This is a simple genetic algorithm that finds a randomly generated string.
Please not that this repository is NOT designed to be a tutorial of any kind. Despite my efforts to make it easy to use, it does require a basic knowledge of how a genetic algorithm works to use this code.
- Run the algorithm.py script from the command line.
- The parameters needed are population size and chromosome size. Ex: python algorithm.py 10 15
Alternatively, you can run the algorithm.py script as a module with the built in IDLE interpreter and run either the Algorithm() method or the Run_Multiple() method.
Variable names adhere to common python practices of separating words by underscores. Method names start each word with a capital letter with the rest lower case and words are separated by underscores. Variable names are all lower case and words are separated by underscores.
The algorithm function has 2 required parameters and 4 additional optional parameters.
This is the first of the required parameters and represents how many individual chromosomes are in the population. It should be an integer greater than 0.
The second of the required parameters, chrom_size determines the length of each chromosome, or string, in the population. It also determines the length of the "answer." The chrom_size parameter should be an integer greater than 0.
mutation_rate is the first of the optional parameters. It can be a float or an integer between 0 and 100 inclusive. The defualt value for this parameter is 100. The mutation_rate parameter represents a percentage of each population that gets mutated each generation.
This is the second optional parameter that determines a percentage of the previous population that is retained to the next generation. graded_retain_percent takes its individuals from the highest scoring of the population. It should be float between 0 and 1 inclusive with the default value being 0.3.
The third optional parameter, nongraded_retain_percent, also determines how much of the previous population is retained to the next generation. This parameter chooses a random set of indivuals from the ones not chosen by graded_retain_percent. Like graded_retain_percent, it should be a float between 0 and 1 inclusive. It defaults to 0.2.
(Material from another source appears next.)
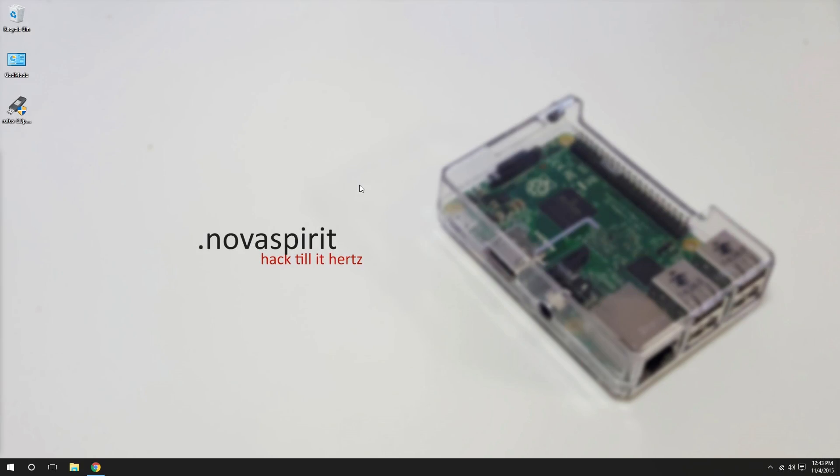So guys to start off we're gonna need a couple of things. A USB 16 gigabytes or more. You could actually install this on a USB hard drive if you have one of those, and a retail version of Windows.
This is the fourth optional parameter. It determines how much variation is included with each mutation. For instance, given a mutation_amount of 1, each chromosome chosen to mutate will have 1 character changed to a random character. The value of mutation_amount should be an integer ranging from 1 to chrom_size. The default value is 1.
Run_Multiple() is an alternative way to run the Algorithm() function. It purely runs the function a specified number of times. This amount is determined by the first parameter in Run_Multiple(). All other parameters get directly passed to Algorithm(). The variable "times" should be an integer greater than 1.